Rechtsrheinische Siedeltätigkeit über 9 hinaus (und Waldgirmes)

@germanische Veteranen:

Veteranensiedlungen aus Männern germanischer Herkunft in den Legionen sind kaum zu erwarten:
- Es ist inzwischen eher wahrscheinlich, dass vor der Katastrophe des Varus im Teutoburger Wald Versuche unternommen worden sind, Siedlungen östlich des Rheins zu errichten. Waldgirmes ist hierzu ein archäologischer Beweis und auch antike Berichte sprechen von Anfängen der Provinzialisierung/Urbanisierung östlich des Rheins. Es war üblich Veteranengruppen geschlossen anzusiedeln – also Städte zu gründen.
- In den römischen Legionen dienten in jener Zeit nur römische Vollbürger. Das bedeutet, dass sich unter ihnen wohl kaum eine nennenswerte Zahl von „ethnischen“ Germanen hätte finden können. Schon gar nicht Germanen, die von östlich des Rheines stammten – und erst recht nicht genügend Veteranen dieser Herkunft! Gerade in augustinischer Zeit überwogen in den Legionen noch stark Römer italischer Herkunft. Nach dem Ende der Bürgerkriege hatte Augustus bei der Demobilisierung der zahlreichen Veteranen jener Zeit (die Armee soll von über 60 Legionen auf 28 zurückgegangen sein) Probleme genug mit dem Eigensinn der Veteranen gehabt. Sie bestanden in der Regel darauf ihre Landparzellen in Italien zugewiesen zu bekommen Aber er setzte zahlreiche Veteranenansiedlungen außerhalb dieses Bereiches durch: Die Wiedergründung Karthagos gelang endgültig erst Augustus mit der Ansiedlung von 3000 Veteranen. Veteranensiedlungen im bisherigen „Barbaricum“ wären für demobilisierte Veteranen zumindest eine Enttäuschung gewesen, wenn nicht schlimmeres…
- Rechtlich gesehen: Veteranen der Auxilien, in denen Germanen eher ihren Platz finden konnten, standen bei Beendigung ihres Dienstes keine Landzuweisungen zu!

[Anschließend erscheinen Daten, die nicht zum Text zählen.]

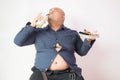 Asian bald fat man with big belly happy in food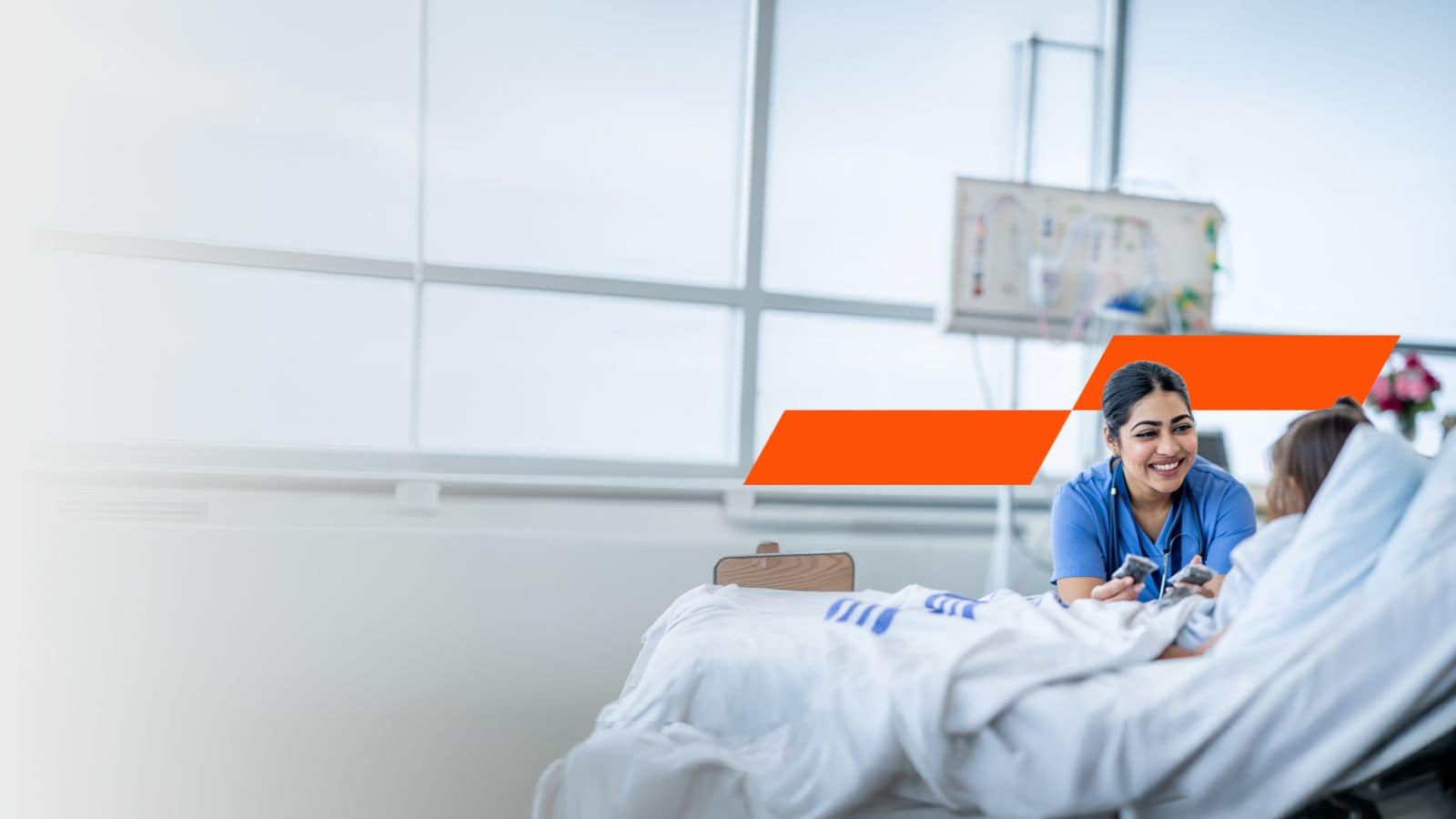 Nurse looking after young patient and momentum mark behind them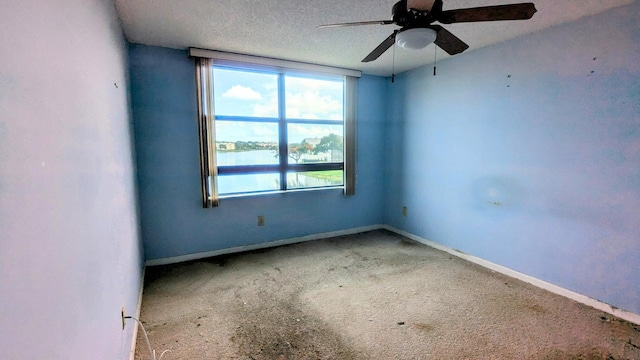 unfurnished room with carpet flooring, ceiling fan, a water view, and a textured ceiling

Es gab mit Sicherheit Ansiedlungen von Reichsangehörigen östlich des Rheins im Rahmen der augustinischen Expansion, doch woher die dafür notwendigen Menschen stammten bleibt unklar. Ich denke da mehr an die Berichte Tacitus über die „Landnahme“ im Dekumatland. Er schreibt von „abenteuerlustigsten Galliern, die die Not kühn gemacht hat…“ Siehe dazu auch oben meine Worte zur römischen Praxis der „Vorfeldsicherung“… In Waldgirmes scheinen ja auch Römer und Germanen in der gleichen Siedlung gelebt zu haben, die Zahl der „Römer“ war vielleicht entsprechend gering?
 
Die bekanntesten, nördlichen Vorfälle betreffen das rechtsrheinische Dekumatland und das transdanubische Dakien. Archäologisch lassen sich in beiden Fällen nach Aufgabe der Gebiete kaum noch Nachweise für „römisches Leben“ oder Kontinuitäten feststellen.

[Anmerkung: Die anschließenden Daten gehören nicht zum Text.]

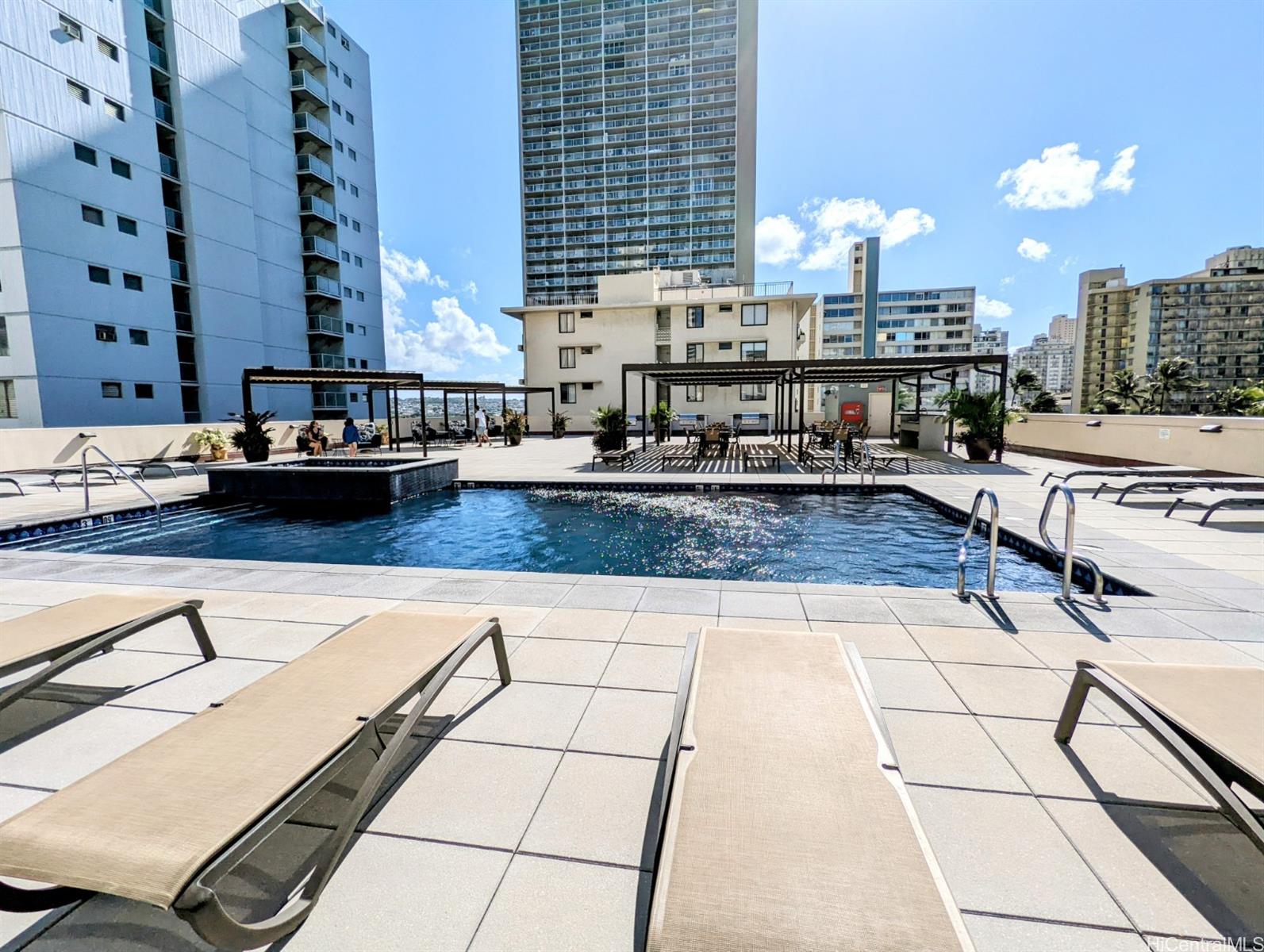 2211 Ala Wai Boulevard, Unit P6 Honolulu, HI 96815 - Photo 24 of 24 a view of a terrace with seating area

M. E. hängt bei der Klärung der Frage, ob auch die römischen Zivilisten Magna Germania (Alisonensis? Hatte die Provinz schon einen Namen?) geräumt haben, viel vom Verhältnis der römischen Siedler zu ihren germanischen Nachbarn ab.

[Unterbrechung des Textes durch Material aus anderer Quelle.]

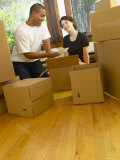 Couple Packing Dishes Photographie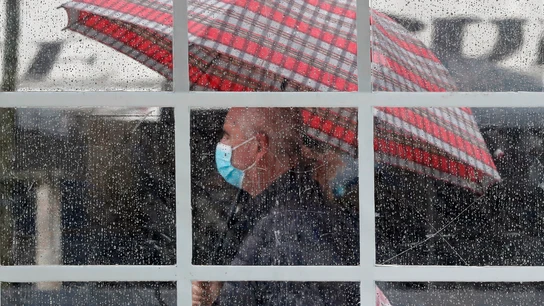 Una persona se protege con un paraguas del agua de la lluvia Una persona se protege con un paraguas del agua de la lluvia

Mit der Situation bei der Aufgabe des Limes bzw. des Dekumatlandes kann man die Räumung von Magna Germania denke ich nicht vergleichen. Beim Limes lebten auf der einen Seite Römer und und romanisierte Germanen und Kelten, auf der anderen Seite lebten Germanen. Für die Romanen waren die Germanen auf der anderen Seite des Limes ein äußerer Feind, dessen Brutalität die Romanen durch die Beutezüge der germanischen Gefolgschaften ins Imperium hinein kannten. Der Zuzug von Gruppen aus dem Inneren Germaniens an den Limes könnte auch hier das Aggressionspotential der Germanen erhöht haben (Obergermanisch-Raetischer Limes ? Wikipedia). Einem solchen Gegner wollten die Romanen bei der Aufgabe des Limes sicher nicht in die Hände fallen, und sie sind aus dem Dekumatland abgewandert.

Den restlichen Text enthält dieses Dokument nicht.